REQUIREMENT:
Beginning with the line of the entries below that holds "Tommy Hilfiger 🔥Vintage" and ending with the line that holds "Thumbnail 3 in", transcribe each line exactly as written. Pictures stay out.

INFORMATION SHOWN:
※

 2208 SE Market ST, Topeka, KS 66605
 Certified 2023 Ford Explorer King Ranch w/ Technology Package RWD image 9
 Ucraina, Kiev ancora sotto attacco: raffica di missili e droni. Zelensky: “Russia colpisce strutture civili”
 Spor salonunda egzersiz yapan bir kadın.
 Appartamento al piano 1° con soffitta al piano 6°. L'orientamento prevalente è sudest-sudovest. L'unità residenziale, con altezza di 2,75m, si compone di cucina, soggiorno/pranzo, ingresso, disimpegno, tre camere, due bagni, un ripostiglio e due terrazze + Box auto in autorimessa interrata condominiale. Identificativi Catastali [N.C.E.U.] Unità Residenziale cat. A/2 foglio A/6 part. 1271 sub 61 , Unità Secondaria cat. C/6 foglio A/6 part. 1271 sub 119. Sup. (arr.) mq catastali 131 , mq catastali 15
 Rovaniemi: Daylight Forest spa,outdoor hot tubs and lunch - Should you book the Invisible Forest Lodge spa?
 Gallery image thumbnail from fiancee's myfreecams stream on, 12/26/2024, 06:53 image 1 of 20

※

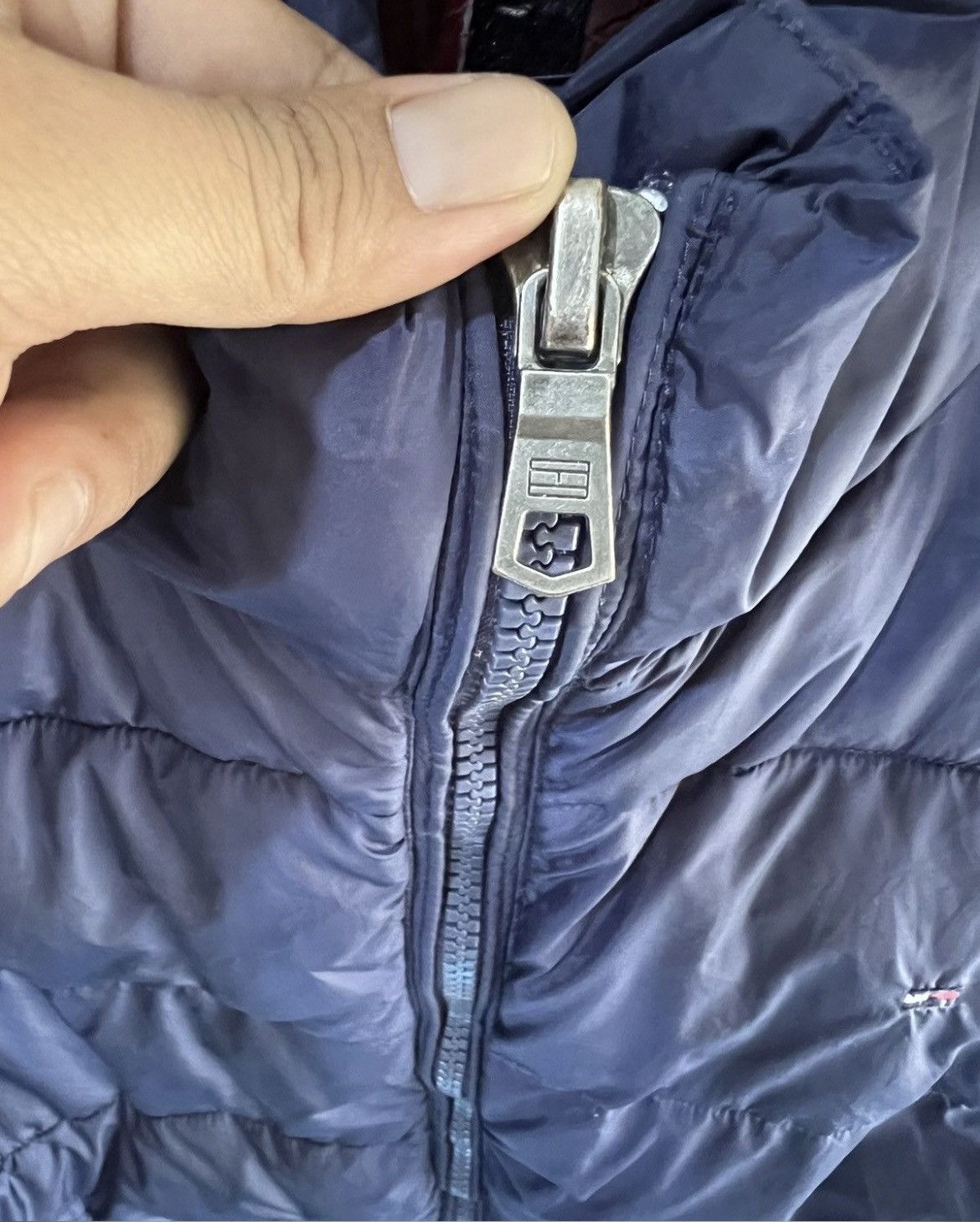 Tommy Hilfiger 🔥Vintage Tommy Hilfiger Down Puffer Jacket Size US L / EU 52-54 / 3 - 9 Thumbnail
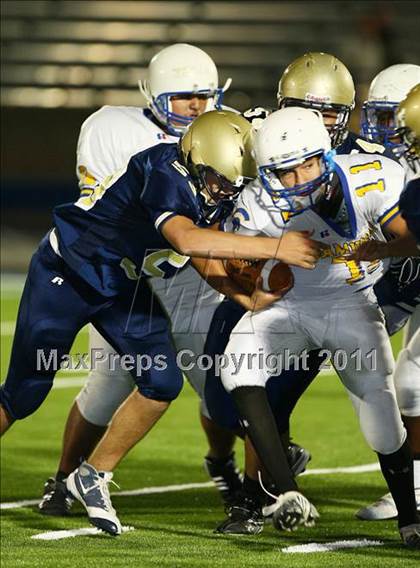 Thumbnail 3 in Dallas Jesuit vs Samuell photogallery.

※

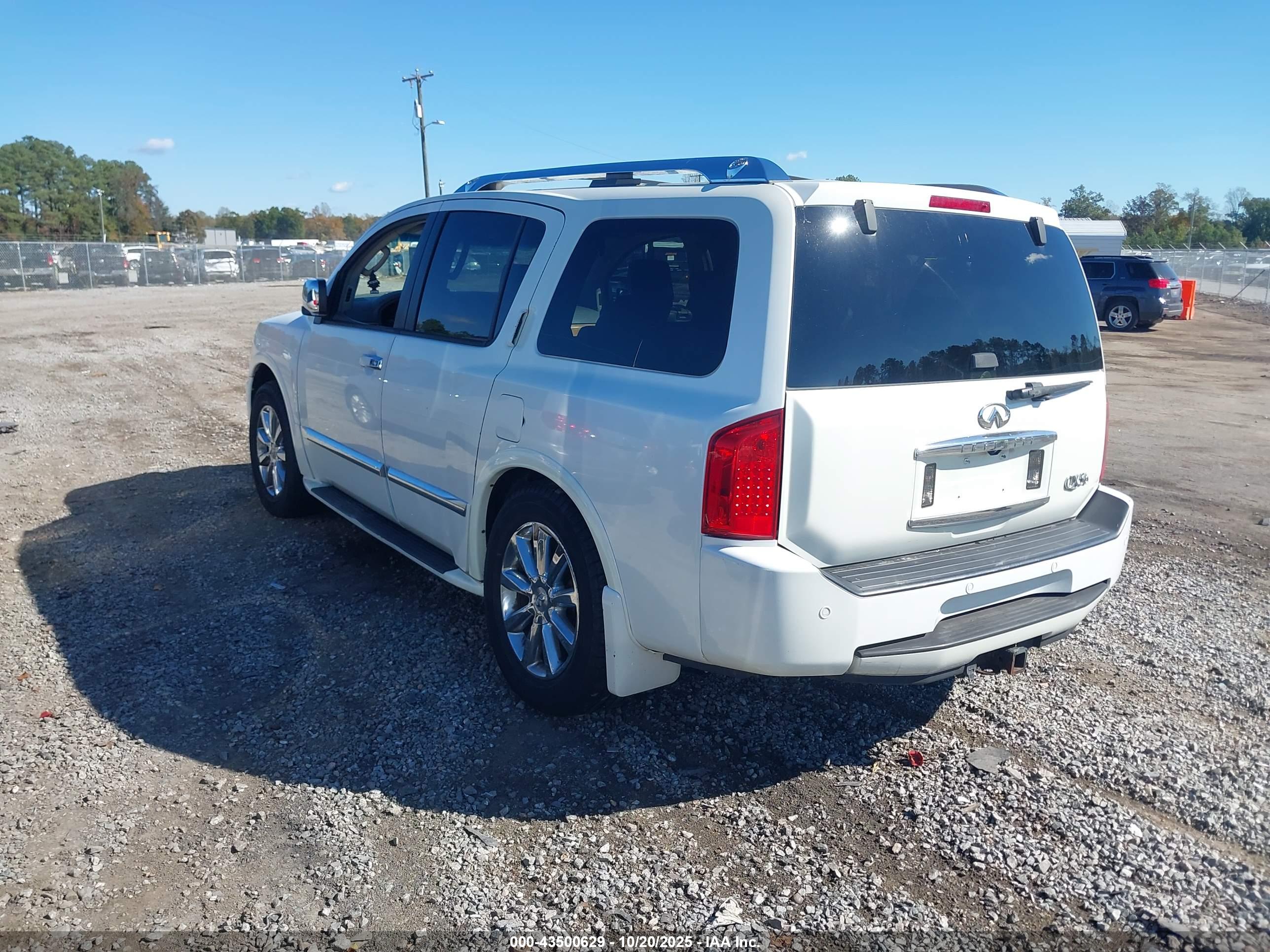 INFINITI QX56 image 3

※

WRITTEN RESPONSE:
 Tommy Hilfiger 🔥Vintage Tommy Hilfiger Down Puffer Jacket Size US L / EU 52-54 / 3 - 9 Thumbnail
 Thumbnail 3 in Dallas Jesuit vs Samuell photogallery.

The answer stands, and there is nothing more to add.